I also saw a man carrying two baskets: A live pig completely filled each basket. Someone explained, "They eliminated prostitutes by drowning the women in the Pearl River in woven baskets." I understood carrying ducklings, but how did they get a pig or a prostitute into a basket that has no extra space? He said, "They got them drunk, stuffed them in and wove the basket tight around them." I brought that duckling basket home to my daughter, Nancy.

A young capitalist woman was repairing worn-out umbrellas on the street, earning extra money on her only day off. Sidewalk space is free. The umbrella woman and I talked and laughed about not knowing what the other was saying. There’s not a lot to say about a worn-out umbrella! I reached for my camera.

"No, no, no," she said, broadly smiling and waving the camera away.

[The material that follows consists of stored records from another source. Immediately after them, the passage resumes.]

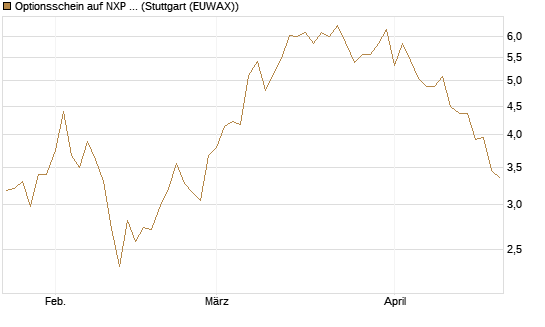 Optionsschein auf NXP Semiconductors N.V. [Goldman Sachs Bank Europe SE] Chart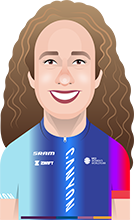 Cecilie Uttrup Ludwig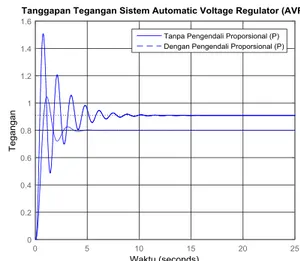 Gambar 4. Tanggapan Peralihan Tegangan Sistem  AVR  Tipe  Arus Searah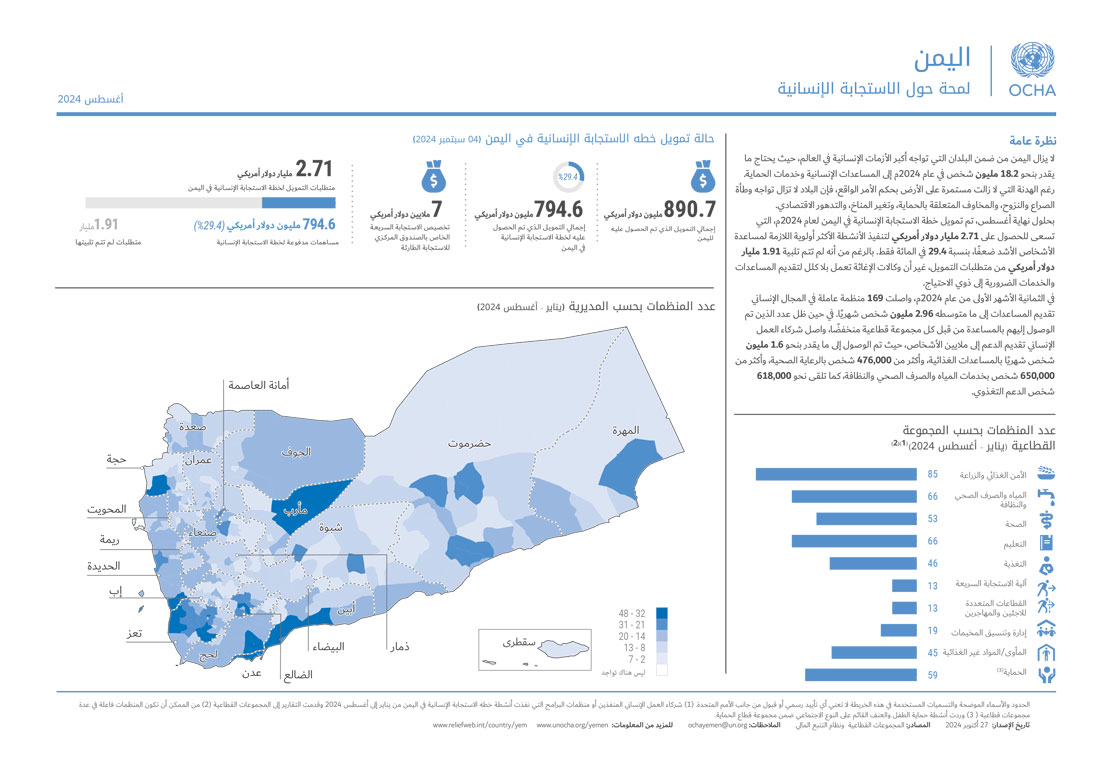 لمحة حول الاستجابة الإنسانية - أغسطس 2024م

Two dozen people had stopped to enjoy this friendly encounter, and all were begging her to let me take the picture. They urged me to take it anyway. I did.

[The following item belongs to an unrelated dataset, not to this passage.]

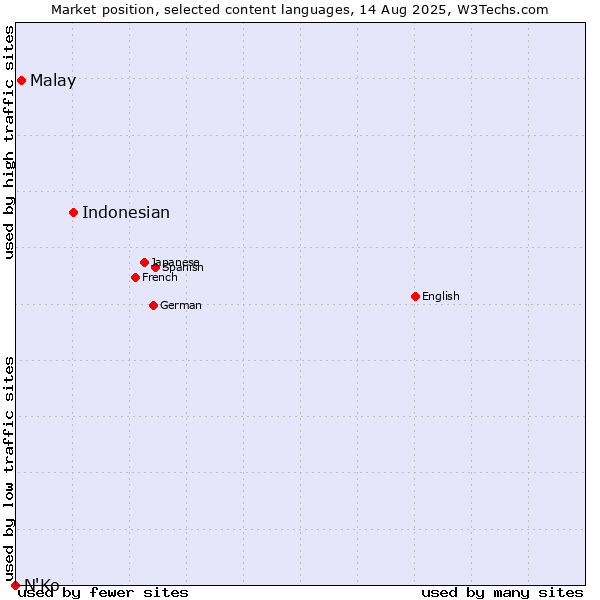 Market position of Indonesian vs. Malay vs. N'Ko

A sweet, smiling old man was putting metal caps on worn shoe heels to make them last longer. I tried to communicate but failed; I remember his smile, and my stopping probably made his day. He was old enough to have communicated in English in his youth! I often asked, "Why do I see so few older people in the streets and shops?" The answer was, "They’re being cared for elsewhere." I thought, "Heaven?" I didn’t dare ask.

A vendor was selling a packet containing a cooked meat mixture, but we were warned not to eat on the street. A truck displayed uncovered, unprotected raw beef. It was near a hotel, hanging from the back of a parked truck on a messy street. A woman nearby was weighing clean white eggs for sale and also "thousand-year eggs" - aged for weeks in a mixture of black earth and white lime. The lime "cooked" raw eggs in a few weeks; I tasted them, along with boiling watermelon.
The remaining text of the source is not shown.